Task directions. All of the records below need to be returned exactly.

[Records from a collection]
----------
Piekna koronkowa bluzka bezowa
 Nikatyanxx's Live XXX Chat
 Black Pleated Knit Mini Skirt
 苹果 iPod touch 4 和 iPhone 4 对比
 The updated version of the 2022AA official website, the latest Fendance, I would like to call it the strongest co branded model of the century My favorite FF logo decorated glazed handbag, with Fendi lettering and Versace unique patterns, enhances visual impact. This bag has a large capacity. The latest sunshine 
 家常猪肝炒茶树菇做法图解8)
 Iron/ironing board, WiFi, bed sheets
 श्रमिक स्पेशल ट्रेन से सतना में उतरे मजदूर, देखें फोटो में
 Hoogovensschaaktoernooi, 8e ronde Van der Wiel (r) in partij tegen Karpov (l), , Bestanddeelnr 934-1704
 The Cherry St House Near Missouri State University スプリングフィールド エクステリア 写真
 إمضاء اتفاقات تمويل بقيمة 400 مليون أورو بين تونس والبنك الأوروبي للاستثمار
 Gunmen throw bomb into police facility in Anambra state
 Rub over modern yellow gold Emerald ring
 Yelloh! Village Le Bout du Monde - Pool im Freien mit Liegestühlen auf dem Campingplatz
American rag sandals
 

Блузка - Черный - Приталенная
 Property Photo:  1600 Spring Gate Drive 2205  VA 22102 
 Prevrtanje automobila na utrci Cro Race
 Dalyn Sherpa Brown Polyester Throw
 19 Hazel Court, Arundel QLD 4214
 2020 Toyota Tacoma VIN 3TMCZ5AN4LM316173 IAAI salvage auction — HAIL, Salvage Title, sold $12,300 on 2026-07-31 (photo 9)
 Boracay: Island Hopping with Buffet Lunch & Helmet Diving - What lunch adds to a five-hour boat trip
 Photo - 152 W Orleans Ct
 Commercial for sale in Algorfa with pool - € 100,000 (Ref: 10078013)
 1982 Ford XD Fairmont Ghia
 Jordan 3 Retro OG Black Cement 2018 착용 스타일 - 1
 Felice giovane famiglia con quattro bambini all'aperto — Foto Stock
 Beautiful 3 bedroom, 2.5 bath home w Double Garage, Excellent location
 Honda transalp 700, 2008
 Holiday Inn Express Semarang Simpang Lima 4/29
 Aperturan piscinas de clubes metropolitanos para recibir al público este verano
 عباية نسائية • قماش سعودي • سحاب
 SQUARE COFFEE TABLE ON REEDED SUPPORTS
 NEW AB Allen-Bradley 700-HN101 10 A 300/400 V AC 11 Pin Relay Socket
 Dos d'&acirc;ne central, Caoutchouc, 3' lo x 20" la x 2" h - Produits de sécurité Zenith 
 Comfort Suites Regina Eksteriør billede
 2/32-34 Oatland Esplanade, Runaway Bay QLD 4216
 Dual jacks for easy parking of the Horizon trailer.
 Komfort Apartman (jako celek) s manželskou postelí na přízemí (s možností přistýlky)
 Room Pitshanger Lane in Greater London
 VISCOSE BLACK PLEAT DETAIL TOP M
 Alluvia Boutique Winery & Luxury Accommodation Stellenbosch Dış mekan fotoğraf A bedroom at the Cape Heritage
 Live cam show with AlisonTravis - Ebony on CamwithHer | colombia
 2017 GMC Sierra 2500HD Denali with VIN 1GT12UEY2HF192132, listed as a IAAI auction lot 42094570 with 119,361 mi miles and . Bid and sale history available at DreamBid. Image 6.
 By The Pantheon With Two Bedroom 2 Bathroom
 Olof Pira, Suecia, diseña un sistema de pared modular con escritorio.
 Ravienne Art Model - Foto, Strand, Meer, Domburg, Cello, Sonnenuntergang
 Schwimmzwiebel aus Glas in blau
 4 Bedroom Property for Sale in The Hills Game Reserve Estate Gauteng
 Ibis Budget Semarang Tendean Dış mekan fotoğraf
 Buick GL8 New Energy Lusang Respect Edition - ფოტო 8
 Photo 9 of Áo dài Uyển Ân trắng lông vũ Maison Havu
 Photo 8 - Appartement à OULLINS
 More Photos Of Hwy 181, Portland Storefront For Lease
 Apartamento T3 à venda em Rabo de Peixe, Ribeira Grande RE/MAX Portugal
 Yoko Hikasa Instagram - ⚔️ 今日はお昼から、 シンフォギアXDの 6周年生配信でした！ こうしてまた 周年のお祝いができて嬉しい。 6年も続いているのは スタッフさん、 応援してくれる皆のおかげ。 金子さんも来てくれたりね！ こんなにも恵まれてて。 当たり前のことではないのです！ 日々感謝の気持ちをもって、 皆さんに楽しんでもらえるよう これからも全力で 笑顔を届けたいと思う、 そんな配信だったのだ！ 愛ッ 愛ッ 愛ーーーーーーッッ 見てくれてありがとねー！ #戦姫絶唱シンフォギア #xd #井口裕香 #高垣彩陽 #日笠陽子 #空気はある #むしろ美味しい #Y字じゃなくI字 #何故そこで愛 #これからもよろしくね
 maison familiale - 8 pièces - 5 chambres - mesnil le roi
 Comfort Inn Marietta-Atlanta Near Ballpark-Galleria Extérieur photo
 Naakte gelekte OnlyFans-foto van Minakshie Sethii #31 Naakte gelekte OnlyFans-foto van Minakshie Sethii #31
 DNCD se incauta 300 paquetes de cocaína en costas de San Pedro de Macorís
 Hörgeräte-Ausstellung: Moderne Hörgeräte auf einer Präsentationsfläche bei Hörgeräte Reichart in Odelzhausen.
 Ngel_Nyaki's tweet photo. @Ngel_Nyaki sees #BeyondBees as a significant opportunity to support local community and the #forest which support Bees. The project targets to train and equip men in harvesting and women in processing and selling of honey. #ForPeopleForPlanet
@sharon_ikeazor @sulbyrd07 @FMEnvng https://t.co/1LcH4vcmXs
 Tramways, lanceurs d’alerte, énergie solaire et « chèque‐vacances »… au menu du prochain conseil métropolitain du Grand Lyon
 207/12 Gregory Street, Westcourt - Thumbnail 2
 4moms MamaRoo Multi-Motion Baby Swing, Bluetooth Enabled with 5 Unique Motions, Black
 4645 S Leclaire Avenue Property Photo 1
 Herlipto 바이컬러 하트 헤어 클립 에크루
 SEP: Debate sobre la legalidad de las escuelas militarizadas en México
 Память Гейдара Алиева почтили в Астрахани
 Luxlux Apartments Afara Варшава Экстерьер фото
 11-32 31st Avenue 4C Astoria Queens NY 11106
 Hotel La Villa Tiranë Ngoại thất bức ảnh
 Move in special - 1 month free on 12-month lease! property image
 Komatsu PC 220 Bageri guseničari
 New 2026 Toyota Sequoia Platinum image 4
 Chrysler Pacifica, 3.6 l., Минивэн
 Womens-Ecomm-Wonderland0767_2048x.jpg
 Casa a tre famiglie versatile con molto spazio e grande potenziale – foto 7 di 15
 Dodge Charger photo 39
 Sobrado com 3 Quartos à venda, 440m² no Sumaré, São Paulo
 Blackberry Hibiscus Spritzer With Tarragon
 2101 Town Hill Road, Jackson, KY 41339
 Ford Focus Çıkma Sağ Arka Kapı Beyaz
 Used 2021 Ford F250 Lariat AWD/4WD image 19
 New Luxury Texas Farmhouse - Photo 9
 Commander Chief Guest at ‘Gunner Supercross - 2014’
----------
Your solution.
Piekna koronkowa bluzka bezowa
 Nikatyanxx's Live XXX Chat
 Black Pleated Knit Mini Skirt
 苹果 iPod touch 4 和 iPhone 4 对比
 The updated version of the 2022AA official website, the latest Fendance, I would like to call it the strongest co branded model of the century My favorite FF logo decorated glazed handbag, with Fendi lettering and Versace unique patterns, enhances visual impact. This bag has a large capacity. The latest sunshine 
 家常猪肝炒茶树菇做法图解8)
 Iron/ironing board, WiFi, bed sheets
 श्रमिक स्पेशल ट्रेन से सतना में उतरे मजदूर, देखें फोटो में
 Hoogovensschaaktoernooi, 8e ronde Van der Wiel (r) in partij tegen Karpov (l), , Bestanddeelnr 934-1704
 The Cherry St House Near Missouri State University スプリングフィールド エクステリア 写真
 إمضاء اتفاقات تمويل بقيمة 400 مليون أورو بين تونس والبنك الأوروبي للاستثمار
 Gunmen throw bomb into police facility in Anambra state
 Rub over modern yellow gold Emerald ring
 Yelloh! Village Le Bout du Monde - Pool im Freien mit Liegestühlen auf dem Campingplatz
American rag sandals
 

Блузка - Черный - Приталенная
 Property Photo:  1600 Spring Gate Drive 2205  VA 22102 
 Prevrtanje automobila na utrci Cro Race
 Dalyn Sherpa Brown Polyester Throw
 19 Hazel Court, Arundel QLD 4214
 2020 Toyota Tacoma VIN 3TMCZ5AN4LM316173 IAAI salvage auction — HAIL, Salvage Title, sold $12,300 on 2026-07-31 (photo 9)
 Boracay: Island Hopping with Buffet Lunch & Helmet Diving - What lunch adds to a five-hour boat trip
 Photo - 152 W Orleans Ct
 Commercial for sale in Algorfa with pool - € 100,000 (Ref: 10078013)
 1982 Ford XD Fairmont Ghia
 Jordan 3 Retro OG Black Cement 2018 착용 스타일 - 1
 Felice giovane famiglia con quattro bambini all'aperto — Foto Stock
 Beautiful 3 bedroom, 2.5 bath home w Double Garage, Excellent location
 Honda transalp 700, 2008
 Holiday Inn Express Semarang Simpang Lima 4/29
 Aperturan piscinas de clubes metropolitanos para recibir al público este verano
 عباية نسائية • قماش سعودي • سحاب
 SQUARE COFFEE TABLE ON REEDED SUPPORTS
 NEW AB Allen-Bradley 700-HN101 10 A 300/400 V AC 11 Pin Relay Socket
 Dos d'&acirc;ne central, Caoutchouc, 3' lo x 20" la x 2" h - Produits de sécurité Zenith 
 Comfort Suites Regina Eksteriør billede
 2/32-34 Oatland Esplanade, Runaway Bay QLD 4216
 Dual jacks for easy parking of the Horizon trailer.
 Komfort Apartman (jako celek) s manželskou postelí na přízemí (s možností přistýlky)
 Room Pitshanger Lane in Greater London
 VISCOSE BLACK PLEAT DETAIL TOP M
 Alluvia Boutique Winery & Luxury Accommodation Stellenbosch Dış mekan fotoğraf A bedroom at the Cape Heritage
 Live cam show with AlisonTravis - Ebony on CamwithHer | colombia
 2017 GMC Sierra 2500HD Denali with VIN 1GT12UEY2HF192132, listed as a IAAI auction lot 42094570 with 119,361 mi miles and . Bid and sale history available at DreamBid. Image 6.
 By The Pantheon With Two Bedroom 2 Bathroom
 Olof Pira, Suecia, diseña un sistema de pared modular con escritorio.
 Ravienne Art Model - Foto, Strand, Meer, Domburg, Cello, Sonnenuntergang
 Schwimmzwiebel aus Glas in blau
 4 Bedroom Property for Sale in The Hills Game Reserve Estate Gauteng
 Ibis Budget Semarang Tendean Dış mekan fotoğraf
 Buick GL8 New Energy Lusang Respect Edition - ფოტო 8
 Photo 9 of Áo dài Uyển Ân trắng lông vũ Maison Havu
 Photo 8 - Appartement à OULLINS
 More Photos Of Hwy 181, Portland Storefront For Lease
 Apartamento T3 à venda em Rabo de Peixe, Ribeira Grande RE/MAX Portugal
 Yoko Hikasa Instagram - ⚔️ 今日はお昼から、 シンフォギアXDの 6周年生配信でした！ こうしてまた 周年のお祝いができて嬉しい。 6年も続いているのは スタッフさん、 応援してくれる皆のおかげ。 金子さんも来てくれたりね！ こんなにも恵まれてて。 当たり前のことではないのです！ 日々感謝の気持ちをもって、 皆さんに楽しんでもらえるよう これからも全力で 笑顔を届けたいと思う、 そんな配信だったのだ！ 愛ッ 愛ッ 愛ーーーーーーッッ 見てくれてありがとねー！ #戦姫絶唱シンフォギア #xd #井口裕香 #高垣彩陽 #日笠陽子 #空気はある #むしろ美味しい #Y字じゃなくI字 #何故そこで愛 #これからもよろしくね
 maison familiale - 8 pièces - 5 chambres - mesnil le roi
 Comfort Inn Marietta-Atlanta Near Ballpark-Galleria Extérieur photo
 Naakte gelekte OnlyFans-foto van Minakshie Sethii #31 Naakte gelekte OnlyFans-foto van Minakshie Sethii #31
 DNCD se incauta 300 paquetes de cocaína en costas de San Pedro de Macorís
 Hörgeräte-Ausstellung: Moderne Hörgeräte auf einer Präsentationsfläche bei Hörgeräte Reichart in Odelzhausen.
 Ngel_Nyaki's tweet photo. @Ngel_Nyaki sees #BeyondBees as a significant opportunity to support local community and the #forest which support Bees. The project targets to train and equip men in harvesting and women in processing and selling of honey. #ForPeopleForPlanet
@sharon_ikeazor @sulbyrd07 @FMEnvng https://t.co/1LcH4vcmXs
 Tramways, lanceurs d’alerte, énergie solaire et « chèque‐vacances »… au menu du prochain conseil métropolitain du Grand Lyon
 207/12 Gregory Street, Westcourt - Thumbnail 2
 4moms MamaRoo Multi-Motion Baby Swing, Bluetooth Enabled with 5 Unique Motions, Black
 4645 S Leclaire Avenue Property Photo 1
 Herlipto 바이컬러 하트 헤어 클립 에크루
 SEP: Debate sobre la legalidad de las escuelas militarizadas en México
 Память Гейдара Алиева почтили в Астрахани
 Luxlux Apartments Afara Варшава Экстерьер фото
 11-32 31st Avenue 4C Astoria Queens NY 11106
 Hotel La Villa Tiranë Ngoại thất bức ảnh
 Move in special - 1 month free on 12-month lease! property image
 Komatsu PC 220 Bageri guseničari
 New 2026 Toyota Sequoia Platinum image 4
 Chrysler Pacifica, 3.6 l., Минивэн
 Womens-Ecomm-Wonderland0767_2048x.jpg
 Casa a tre famiglie versatile con molto spazio e grande potenziale – foto 7 di 15
 Dodge Charger photo 39
 Sobrado com 3 Quartos à venda, 440m² no Sumaré, São Paulo
 Blackberry Hibiscus Spritzer With Tarragon
 2101 Town Hill Road, Jackson, KY 41339
 Ford Focus Çıkma Sağ Arka Kapı Beyaz
 Used 2021 Ford F250 Lariat AWD/4WD image 19
 New Luxury Texas Farmhouse - Photo 9
 Commander Chief Guest at ‘Gunner Supercross - 2014’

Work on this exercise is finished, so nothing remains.